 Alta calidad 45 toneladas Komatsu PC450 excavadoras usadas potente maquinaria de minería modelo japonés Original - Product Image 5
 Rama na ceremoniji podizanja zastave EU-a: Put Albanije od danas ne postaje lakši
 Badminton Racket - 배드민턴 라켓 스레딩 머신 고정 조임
※ ※ ※
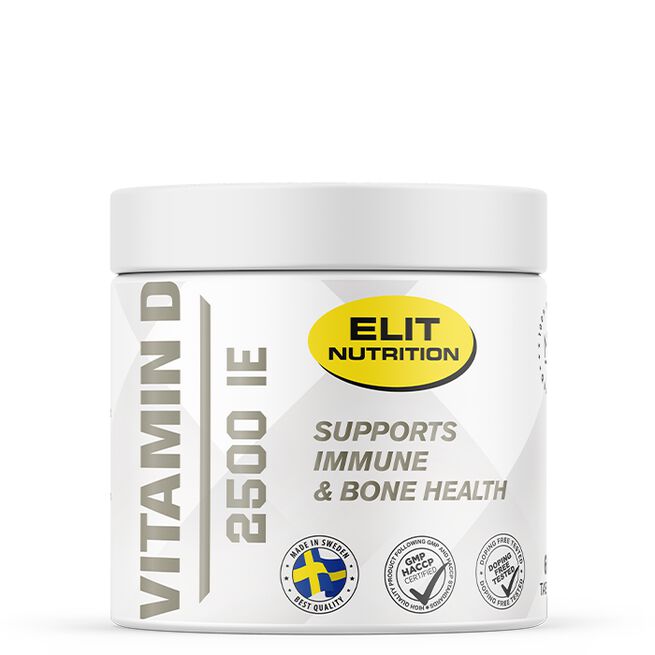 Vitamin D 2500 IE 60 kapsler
※ ※ ※
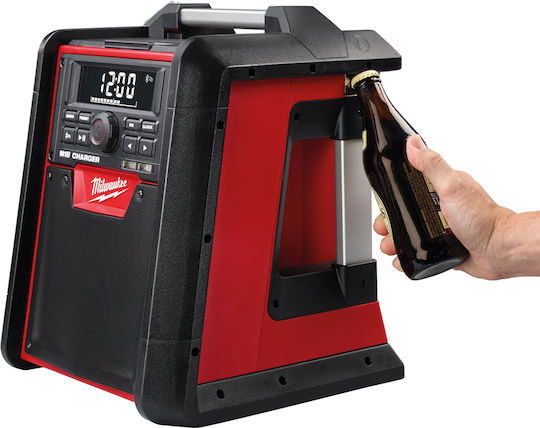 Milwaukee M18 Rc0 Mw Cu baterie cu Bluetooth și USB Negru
※ ※ ※
> Exercise aim: Produce a word-for-word copy of everything above from the line holding "Alta calidad 45" down to the line holding "Badminton Racket - 배드민턴 라켓 스레딩 머신 고정 조임", with both of those lines kept.

> Answer for this exercise:
 Alta calidad 45 toneladas Komatsu PC450 excavadoras usadas potente maquinaria de minería modelo japonés Original - Product Image 5
 Rama na ceremoniji podizanja zastave EU-a: Put Albanije od danas ne postaje lakši
 Badminton Racket - 배드민턴 라켓 스레딩 머신 고정 조임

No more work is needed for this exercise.